Short web captions:
○ ○ ○

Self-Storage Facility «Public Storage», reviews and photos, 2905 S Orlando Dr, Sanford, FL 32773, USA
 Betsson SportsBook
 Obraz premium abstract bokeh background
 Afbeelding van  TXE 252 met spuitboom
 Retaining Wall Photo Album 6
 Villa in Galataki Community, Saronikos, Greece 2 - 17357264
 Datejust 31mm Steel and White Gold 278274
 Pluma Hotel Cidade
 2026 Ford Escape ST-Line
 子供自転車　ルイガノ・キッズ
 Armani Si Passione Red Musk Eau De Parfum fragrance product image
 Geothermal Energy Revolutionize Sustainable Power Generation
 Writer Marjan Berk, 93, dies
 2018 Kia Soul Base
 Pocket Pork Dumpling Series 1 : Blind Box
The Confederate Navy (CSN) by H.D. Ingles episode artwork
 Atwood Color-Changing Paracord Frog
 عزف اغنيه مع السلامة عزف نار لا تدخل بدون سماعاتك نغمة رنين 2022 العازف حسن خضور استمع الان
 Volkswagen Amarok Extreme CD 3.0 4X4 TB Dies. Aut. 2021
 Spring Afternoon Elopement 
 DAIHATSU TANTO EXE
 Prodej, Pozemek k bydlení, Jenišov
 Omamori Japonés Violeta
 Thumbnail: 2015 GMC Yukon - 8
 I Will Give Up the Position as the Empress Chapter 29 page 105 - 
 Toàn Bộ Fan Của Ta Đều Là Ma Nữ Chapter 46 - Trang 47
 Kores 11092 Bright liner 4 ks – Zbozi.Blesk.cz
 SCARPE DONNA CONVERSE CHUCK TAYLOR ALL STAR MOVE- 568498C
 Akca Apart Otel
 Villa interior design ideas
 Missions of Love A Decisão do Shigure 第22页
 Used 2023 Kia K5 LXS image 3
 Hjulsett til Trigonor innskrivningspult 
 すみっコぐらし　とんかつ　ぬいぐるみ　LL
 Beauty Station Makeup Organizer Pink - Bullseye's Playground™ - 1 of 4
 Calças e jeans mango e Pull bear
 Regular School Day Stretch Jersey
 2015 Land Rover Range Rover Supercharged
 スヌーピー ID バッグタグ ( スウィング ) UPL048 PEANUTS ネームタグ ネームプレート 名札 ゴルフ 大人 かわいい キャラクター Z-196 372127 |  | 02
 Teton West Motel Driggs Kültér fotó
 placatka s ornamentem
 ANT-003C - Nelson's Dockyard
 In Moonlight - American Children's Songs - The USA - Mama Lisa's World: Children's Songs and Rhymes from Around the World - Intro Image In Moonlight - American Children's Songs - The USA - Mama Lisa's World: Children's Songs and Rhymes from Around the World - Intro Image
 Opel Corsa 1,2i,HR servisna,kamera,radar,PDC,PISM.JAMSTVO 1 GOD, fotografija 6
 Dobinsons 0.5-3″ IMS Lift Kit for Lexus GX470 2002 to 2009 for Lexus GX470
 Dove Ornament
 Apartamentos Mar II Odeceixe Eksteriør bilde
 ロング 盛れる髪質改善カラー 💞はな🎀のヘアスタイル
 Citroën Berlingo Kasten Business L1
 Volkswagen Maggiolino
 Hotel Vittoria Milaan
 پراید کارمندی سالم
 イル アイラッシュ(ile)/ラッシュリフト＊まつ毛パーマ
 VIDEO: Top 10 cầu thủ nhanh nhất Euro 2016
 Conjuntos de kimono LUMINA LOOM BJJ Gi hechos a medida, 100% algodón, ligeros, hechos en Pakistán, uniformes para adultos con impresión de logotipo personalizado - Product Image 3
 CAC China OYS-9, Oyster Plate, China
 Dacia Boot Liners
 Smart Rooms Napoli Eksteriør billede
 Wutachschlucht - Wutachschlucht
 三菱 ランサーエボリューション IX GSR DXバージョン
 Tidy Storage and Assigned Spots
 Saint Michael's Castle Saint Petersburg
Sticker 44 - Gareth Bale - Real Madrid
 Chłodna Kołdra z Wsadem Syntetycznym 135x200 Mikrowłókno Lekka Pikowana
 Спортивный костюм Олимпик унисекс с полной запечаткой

○ ○ ○

THE TASK: Set down only the lines from the line with "CAC China OYS-9, Oyster Plate, China" through the last line of the data above, keeping both the first and the last.

OUTPUT FOR THIS TASK:
 CAC China OYS-9, Oyster Plate, China
 Dacia Boot Liners
 Smart Rooms Napoli Eksteriør billede
 Wutachschlucht - Wutachschlucht
 三菱 ランサーエボリューション IX GSR DXバージョン
 Tidy Storage and Assigned Spots
 Saint Michael's Castle Saint Petersburg
Sticker 44 - Gareth Bale - Real Madrid
 Chłodna Kołdra z Wsadem Syntetycznym 135x200 Mikrowłókno Lekka Pikowana
 Спортивный костюм Олимпик унисекс с полной запечаткой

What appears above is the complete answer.